Young (1990: 231) pushes Habermas’s innovative contribution to understanding community further, combining it with Derrida’s notion of the co-presence of subjects. She argues that if community is a primary mode of experiencing the world, and we are each different individuals, then far from commonality characterising community, we ought to think of community as inherently (and internally) diverse. Consequentially, the way we theorise, understand, and use community shifts. Once we recognise community’s diversity, particularly our experience of it, attempts to homogenise community become not only counterproductive but also reactionary.

For Agamben (2003) and Nancy (1991, 2016) — both Derrideans like Young — community is a key concern. Both take different starting points to Habermas’s community, as a natural or essential extension of the self, and as foundational for organisations or the state. For this reason, they also reject Young’s analysis of community that builds on Habermas’ framework. Community for both Agamben and Nancy is singular, rather than dialogical (Elliott, 2010). Agamben’s The Coming Community (2009), rejecting essentialism, stakes out his ground.
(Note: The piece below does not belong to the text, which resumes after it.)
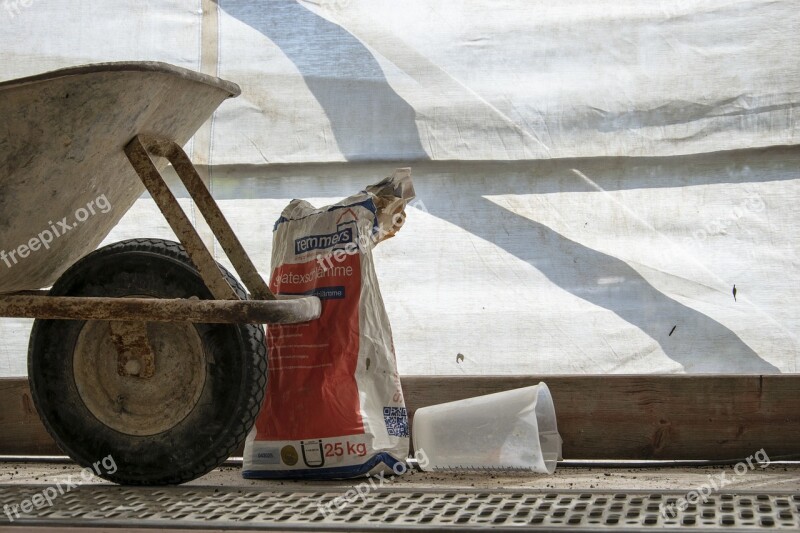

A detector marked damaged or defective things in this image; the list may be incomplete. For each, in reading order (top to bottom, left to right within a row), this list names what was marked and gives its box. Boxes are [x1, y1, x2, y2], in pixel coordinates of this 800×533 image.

rusty wheelbarrow [0, 64, 318, 484]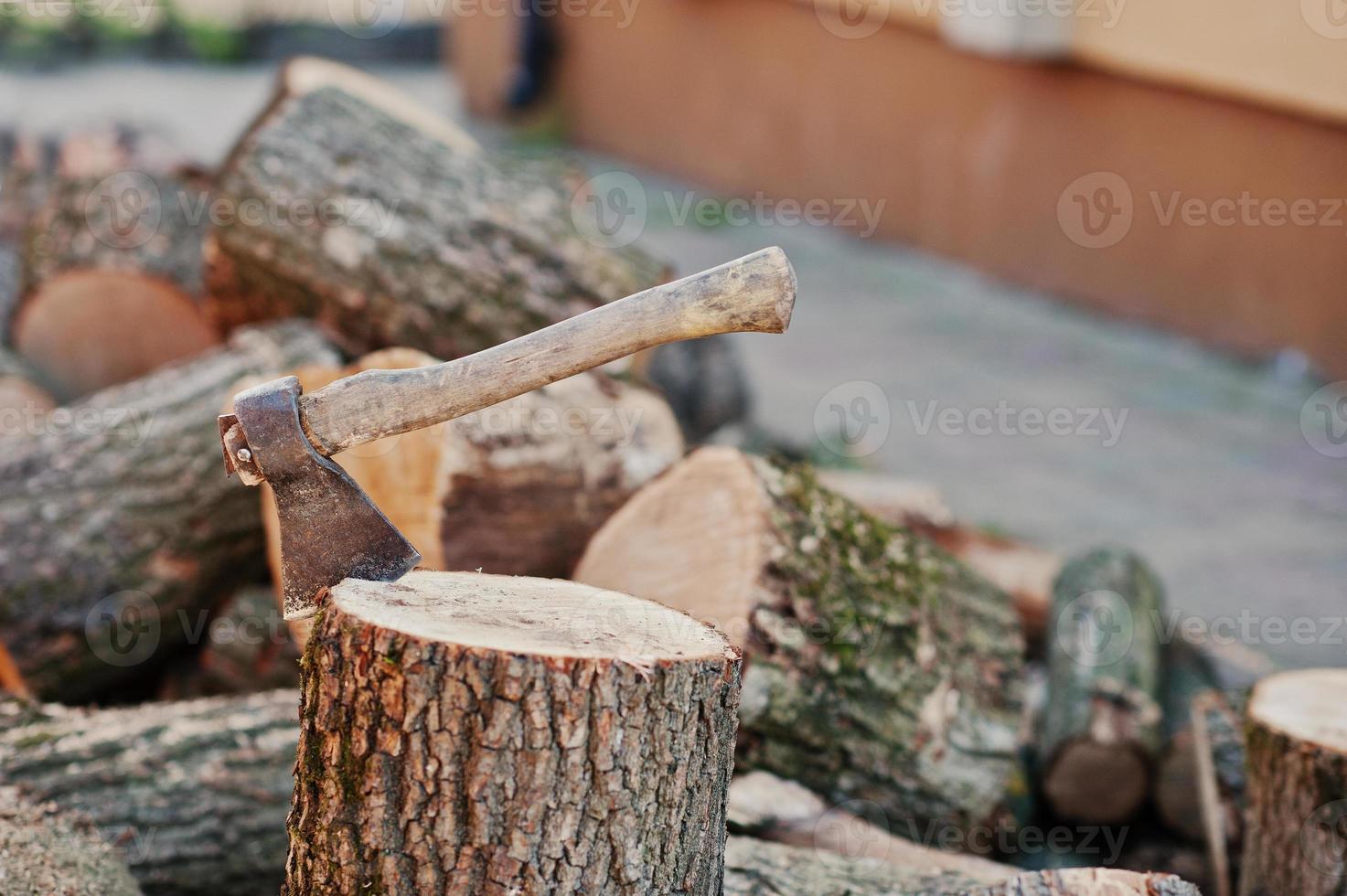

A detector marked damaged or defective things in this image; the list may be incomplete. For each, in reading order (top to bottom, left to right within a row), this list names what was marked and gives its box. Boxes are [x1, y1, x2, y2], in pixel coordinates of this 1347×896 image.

rusty axe [217, 249, 794, 618]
Community cannot be based upon any commonality: ‘there is no essence, no historical or spiritual vocation, no biological destiny that humans must enact or realize’ (2009: 43). Community for Agamben emerges as any singularity demonstrating ‘being-in-common’.

Agamben’s conception of community is radically subversive. Against ‘traditional’ understandings of community — particularly the ‘community of place’ Straw Man — Agamben argues that there is nothing inherent, given or natural about community. Community is emergent, not essential. Agamben is not the first to make this claim, but it marks a strong departure from previously accepted community semantics. Yet because it rejects divisions based on identity, politics, or more abstract bases, community under Agamben’s interpretation emerges as profoundly affirming. It becomes a unifying condition of our being- and becoming-together with others, against any imposed community categorisation. Community becomes ‘the principle enemy of the State. Wherever these singularities peacefully demonstrate their being in common there will be a Tiananmen’ (2009: 87).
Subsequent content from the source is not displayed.